[Dataset records]
--------

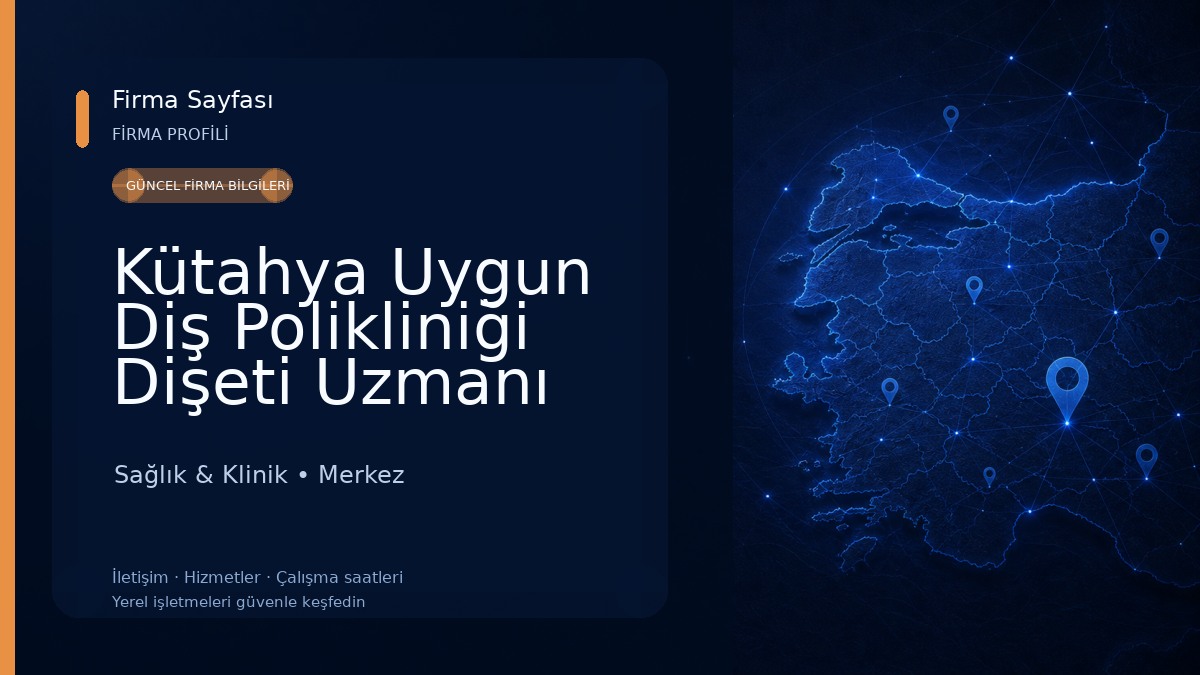 Kütahya Uygun Diş Polikliniği Dişeti Uzmanı Dr. Nisa Uygun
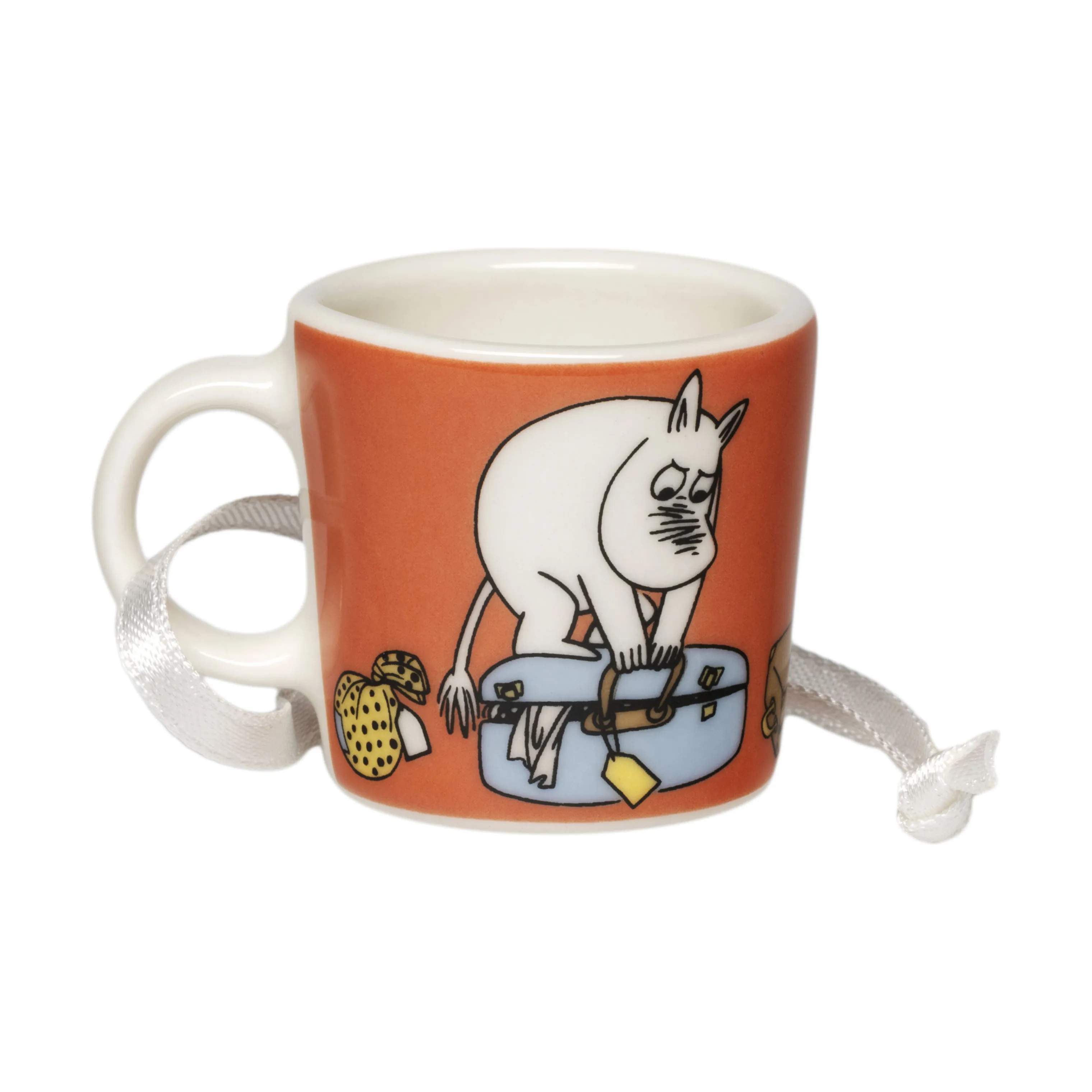 Moomin Arabia Krus og kopper med hank Klassisk Minikrus - Ferieklar i Ferieklar, 1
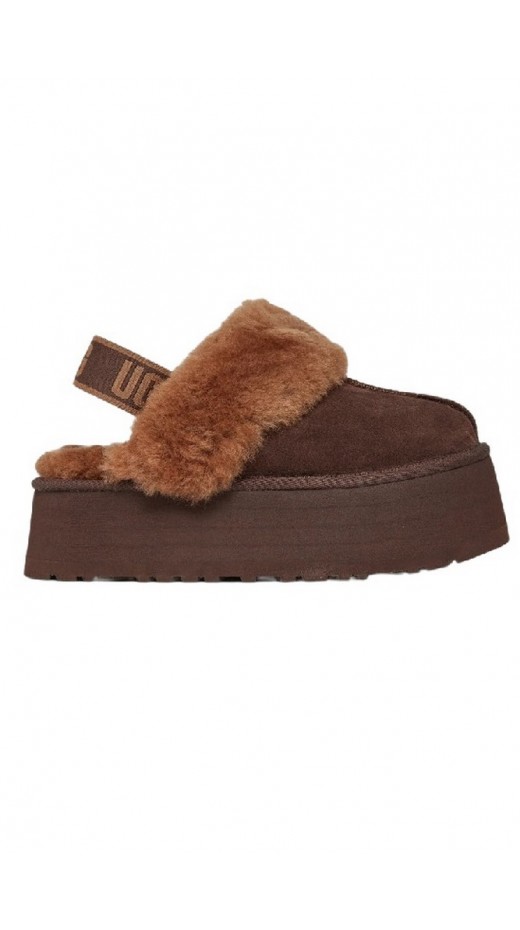 UGG FUNKETTE ΠΑΝΤΟΦΛΑ ΓΥΝΑΙΚΕΙΑ BROWN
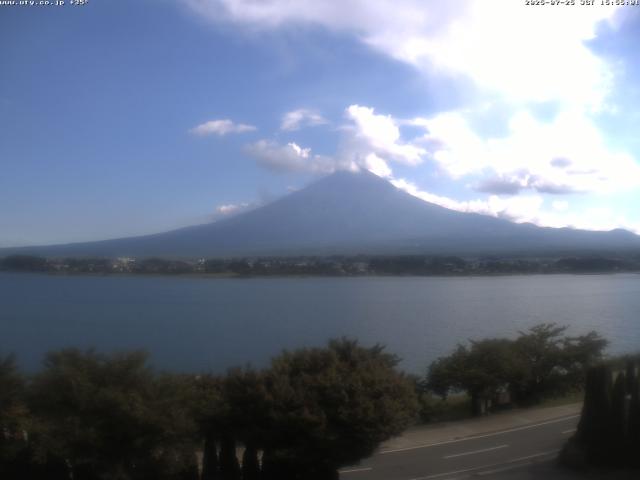 河口湖からの富士山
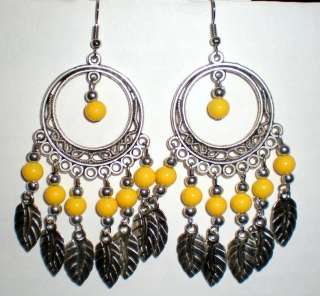 Dream Catcher Beads & Feather Charms Earrings * U Pick  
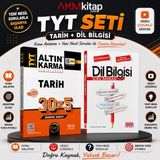 Akm Kitap Altın Karma Tyt Tarih Deneme ve Akm Dil Bilgisi Soru Bankası Seti 2 Kitap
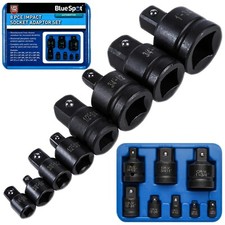 BlueSpot 8pc Impact Socket Adaptor Set Converter Reducer Adapter 1/4" - 1"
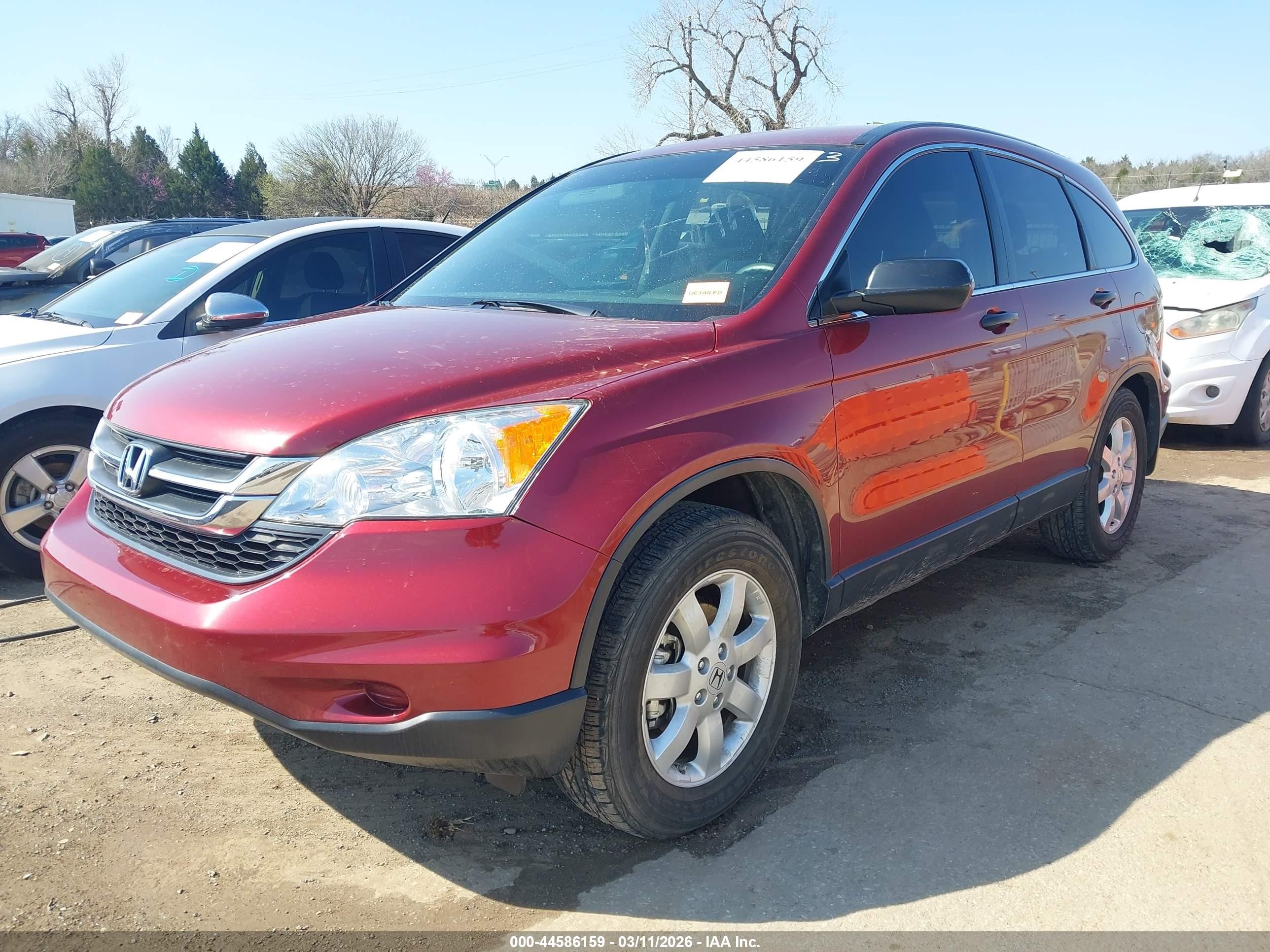 2011 Honda Cr-v Se Red vin: JHLRE3H43BC006753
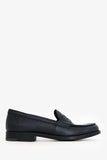 Prada Green/Navy Saffiano Leather Loafers Size 35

--------

◆ **Task prompt**: Hand back the data above exactly, leaving out all pictures.

◆ **Result below**:
 Kütahya Uygun Diş Polikliniği Dişeti Uzmanı Dr. Nisa Uygun
 Moomin Arabia Krus og kopper med hank Klassisk Minikrus - Ferieklar i Ferieklar, 1
 UGG FUNKETTE ΠΑΝΤΟΦΛΑ ΓΥΝΑΙΚΕΙΑ BROWN
 河口湖からの富士山
 Dream Catcher Beads & Feather Charms Earrings * U Pick  
 Akm Kitap Altın Karma Tyt Tarih Deneme ve Akm Dil Bilgisi Soru Bankası Seti 2 Kitap
 BlueSpot 8pc Impact Socket Adaptor Set Converter Reducer Adapter 1/4" - 1"
 2011 Honda Cr-v Se Red vin: JHLRE3H43BC006753
 Prada Green/Navy Saffiano Leather Loafers Size 35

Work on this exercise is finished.